I want to share this book with you, but I hesitate to give too many details. The way the book unfolds is so appealing, and knowing what is going to happen next ahead of time takes away that sense of opening a thousand tiny wrapped gifts that you get from reading it.

Without divulging too much, the book takes you on Wilson’s personal journey, sharing in an organic way some of the tools she discovered along the way, as well as current multi-disciplinary research on anxiety. The book is broken into chapters, but also numbered sections. If the idea of reading about anxiety makes you nervous, the bite-sized chunks of text make it easy to digest. You walk with Wilson, and by the end feel some of the progress she’s made could be your own.

Besides the lovely layout and good reading, Wilson has a section offering illuminating suggestions and information for partners of anxious types, which actually helped me understand myself better. Many suggestions she had, I would either resonate with, or immediately know weren’t a good match. Other times, I had to think about her suggestions before I knew if it would work. It was the topic of more than a few conversations with the Chaplain, who is now reading the book for himself.

I’m glad I picked this book up first – what if I’d burned out ahead of reading it? It would have been such a loss. I started out with a library copy and ended up buying one of my own. I found it so beautiful I couldn’t bear to write in it, and didn’t want to write anything that would take away from the Chaplain’s experience of reading the book.

One of the things about learning from example while reading But First, We Make the Beast Beautiful was that somehow, I came away with the idea that I could ask for things I needed, without feeling I had to ignore my needs to “be nice.” I was already on that journey, but it felt like the book carried me a forward a few exits on the highway. A lot of things that trigger anxious behavior or things I might want to “fix” to feel better (mainly, to reduce noise, light, and smells), I have trouble asking for. It feels like too much to ask everyone to accommodate my need for quiet/no strong smells/no bright lights. But gradually I’ve gotten better at recognizing what I can and can’t deal with, and speaking up when I need to.

Real life example: This past week I picked up new glasses for the first time in several years. Typically, when I pick up my glasses, I have them readjusted 3-4 times, and they are close to a good fit, but not quite right.
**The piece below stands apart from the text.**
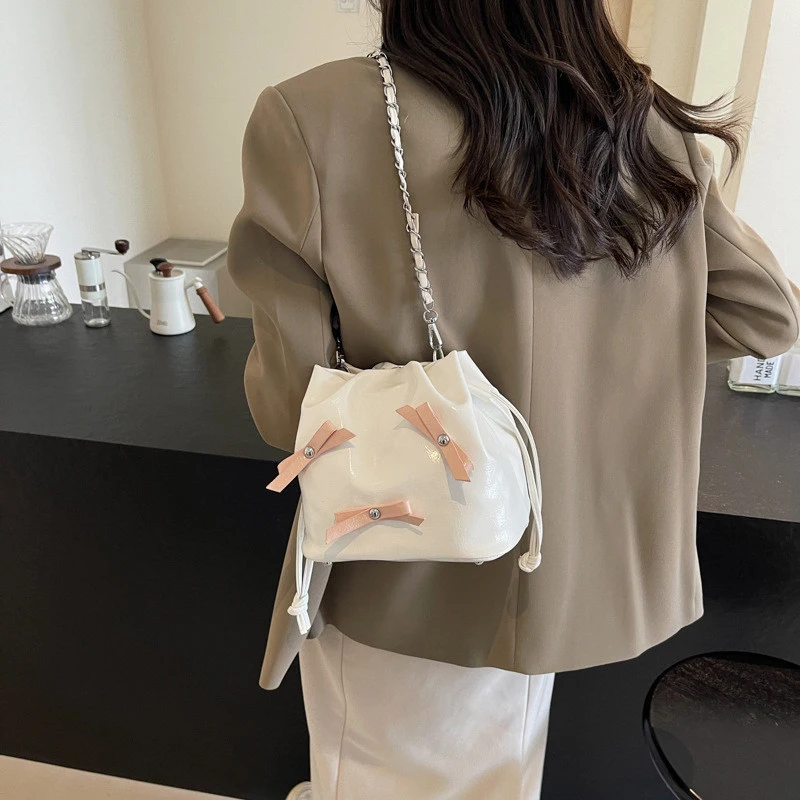 New Fashion Versatile Chain Messenger Bowing Bucket Solid Color Shoulder Bag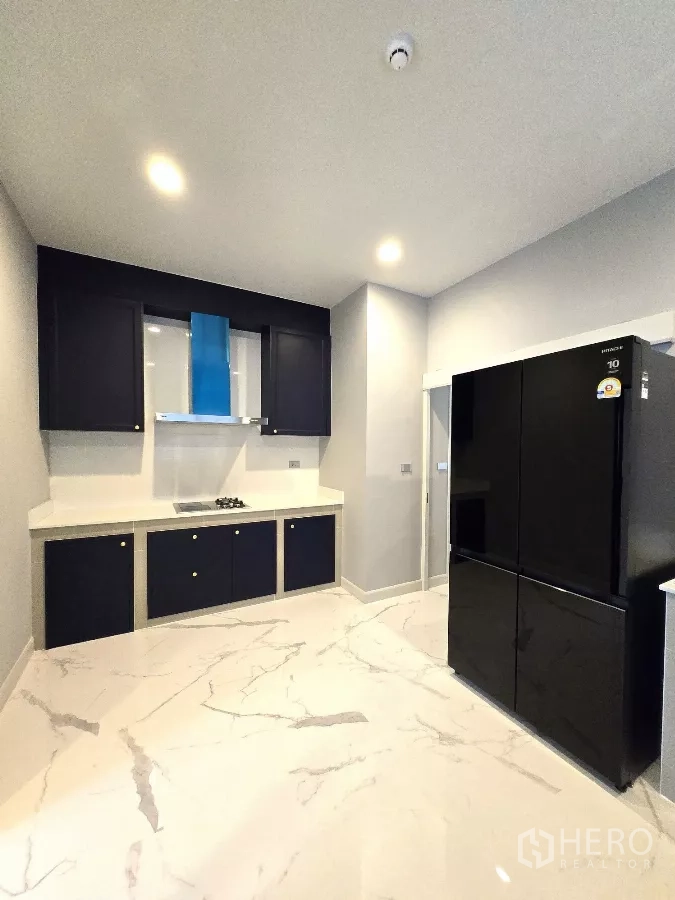 Detached House for rent in Bang Phli, Samut Prakan - Thai kitchen corner with gas hob, hood and easy-clean counters.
But I don’t want to keep asking to have them adjusted till they’re perfect, and I feel like I’m wasting the time of the person helping me. Then, I get a headache moments after walking out of the glasses place because the glasses are too tight, and struggle on my own to bend my earpieces just a little bit more to get them right, resulting in them sliding down my nose constantly. This time, I stayed with the discomfort of asking for more than I felt I was entitled to. And I walked out the door with glasses that fit. Maybe this is a function of age, maybe it is because I read the book. But I think the book helped.

If you’re an anxious sort, or know someone who is, this title should definitely be on your bedside table.

Just like I did for my Michael Pollan book shoot, I used my retouch tool to clean the dirt from under my kids’ fingernails for this photo. Because while nobody is perfect, on the internet, sometimes we get to pretend.